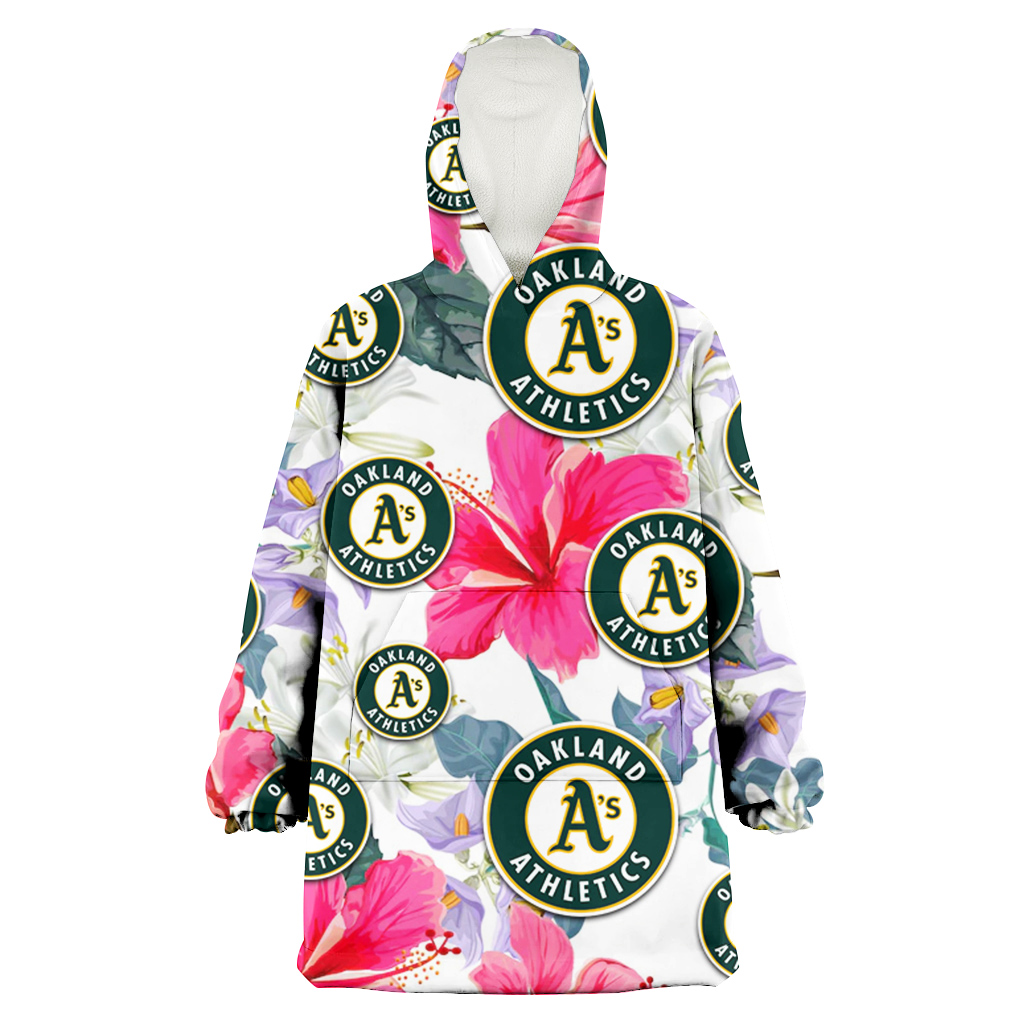 Oakland Athletics Pink Hibiscus White Orchid White Background 3D Printed Hoodie Blanket Snug Hoodie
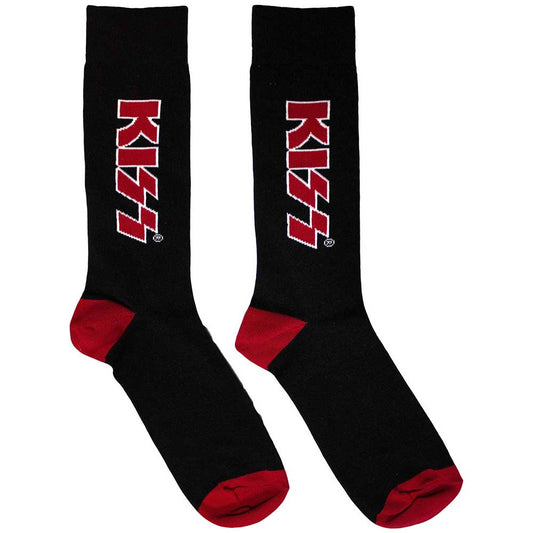 KISS Unisex Ankle Socks: Red Logo (Black)
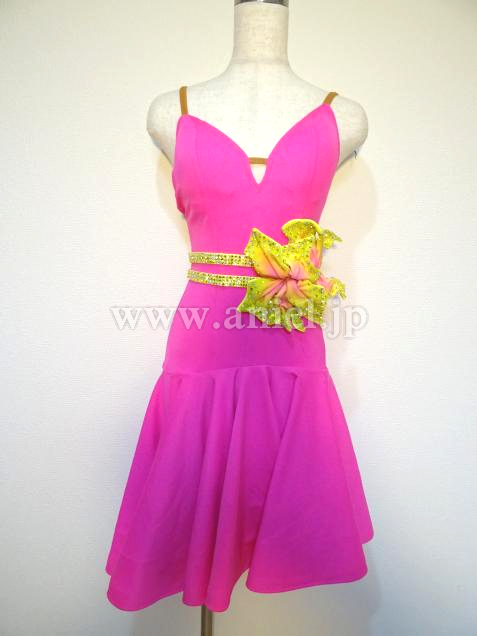 L3020・ショッキングピンク&黄花※試着不可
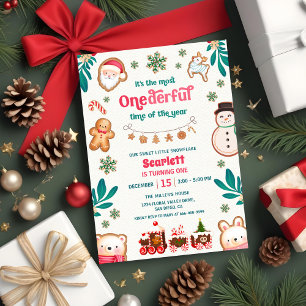 Convite Biscoito de Gengibre Onederful de Inverno Aniversá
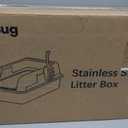 Stainless Steel Cat Litter Box XL for Big Cats, High-Sided Design Prevents Urine Leakage, Non-Stick, Easy to Clean, Includes Scoop, Gray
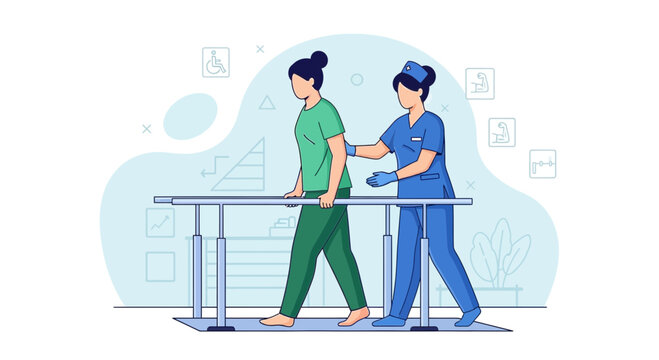 Physical therapist assisting patient walking on parallel bars for rehabilitation and recovery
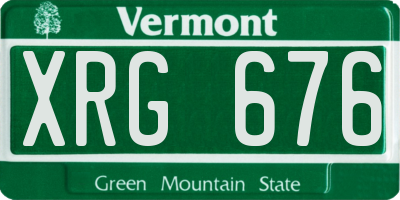 VT license plate XRG676
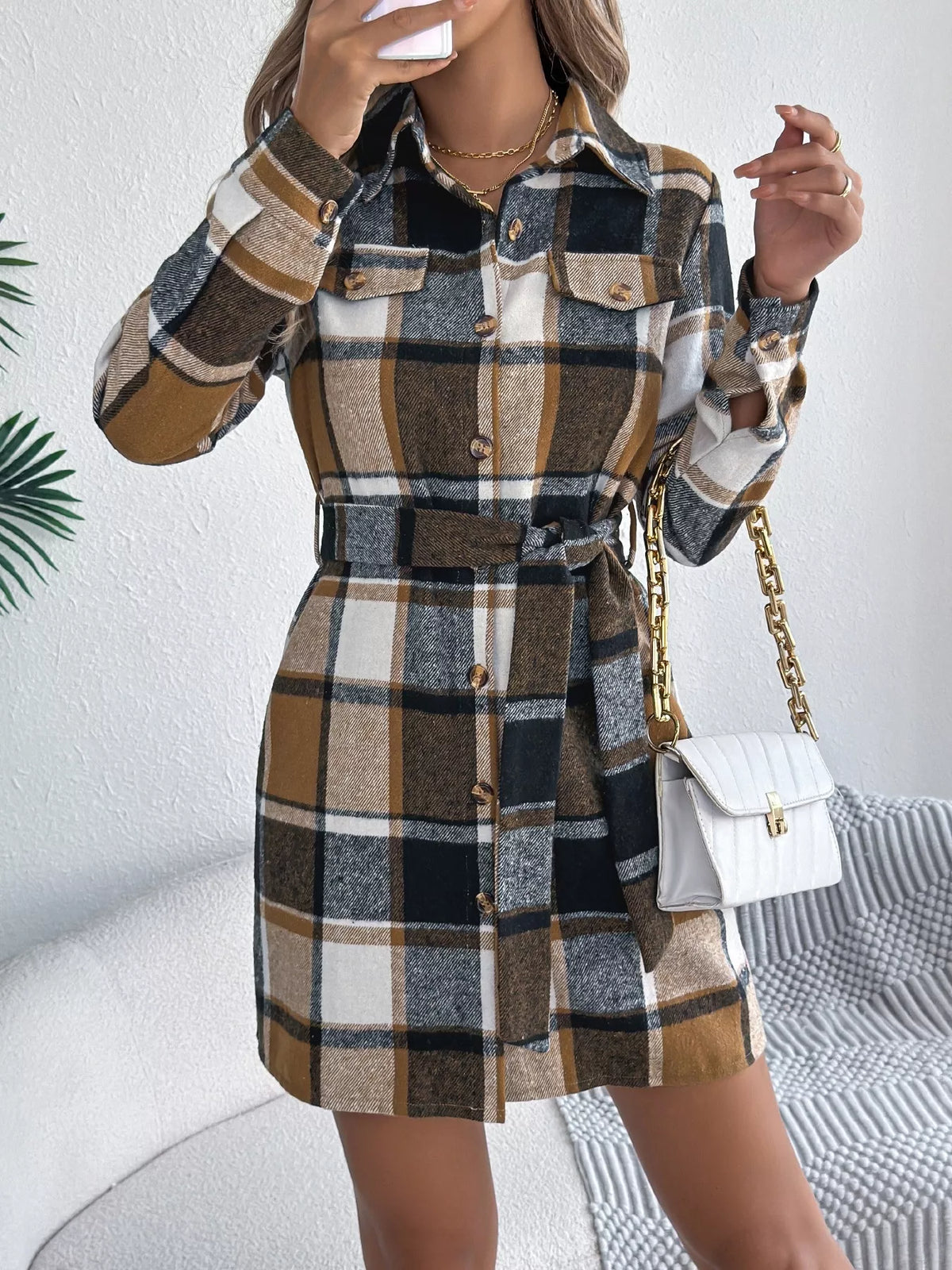 Plaid Button Front Tie Waist Shirt Dress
---------------
◆ Problem to solve ◆
From the line that contains "VT license plate XRG676" through the last line of the entries, transcribe every line exactly, leaving out the pictures.

◆ Completed exercise ◆
 VT license plate XRG676
 Plaid Button Front Tie Waist Shirt Dress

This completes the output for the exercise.